Items listed in a dataset
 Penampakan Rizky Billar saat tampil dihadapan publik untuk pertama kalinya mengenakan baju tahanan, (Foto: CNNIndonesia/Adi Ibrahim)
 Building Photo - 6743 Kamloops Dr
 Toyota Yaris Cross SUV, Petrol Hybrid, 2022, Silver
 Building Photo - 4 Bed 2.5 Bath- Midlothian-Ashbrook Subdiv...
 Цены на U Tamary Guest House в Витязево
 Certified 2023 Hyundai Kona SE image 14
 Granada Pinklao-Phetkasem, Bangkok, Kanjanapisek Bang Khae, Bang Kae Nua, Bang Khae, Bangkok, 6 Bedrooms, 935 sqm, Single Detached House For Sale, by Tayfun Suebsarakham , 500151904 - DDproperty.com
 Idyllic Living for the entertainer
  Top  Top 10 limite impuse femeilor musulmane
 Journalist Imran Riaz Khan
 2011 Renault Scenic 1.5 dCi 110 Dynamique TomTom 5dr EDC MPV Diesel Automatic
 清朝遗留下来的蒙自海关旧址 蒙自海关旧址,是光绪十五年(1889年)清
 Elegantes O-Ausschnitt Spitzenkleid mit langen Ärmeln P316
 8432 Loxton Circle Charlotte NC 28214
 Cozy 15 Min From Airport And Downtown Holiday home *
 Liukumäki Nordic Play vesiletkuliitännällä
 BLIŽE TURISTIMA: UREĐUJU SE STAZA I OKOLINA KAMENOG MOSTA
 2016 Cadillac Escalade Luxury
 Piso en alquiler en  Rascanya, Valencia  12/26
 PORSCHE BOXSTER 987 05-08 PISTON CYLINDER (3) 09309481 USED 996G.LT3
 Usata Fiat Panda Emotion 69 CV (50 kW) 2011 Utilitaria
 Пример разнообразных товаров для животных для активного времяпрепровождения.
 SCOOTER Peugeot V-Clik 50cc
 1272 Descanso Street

» Work required: What is needed is every line of the records above that contains the word "House".

» Solution for this task:
 Цены на U Tamary Guest House в Витязево
 Granada Pinklao-Phetkasem, Bangkok, Kanjanapisek Bang Khae, Bang Kae Nua, Bang Khae, Bangkok, 6 Bedrooms, 935 sqm, Single Detached House For Sale, by Tayfun Suebsarakham , 500151904 - DDproperty.com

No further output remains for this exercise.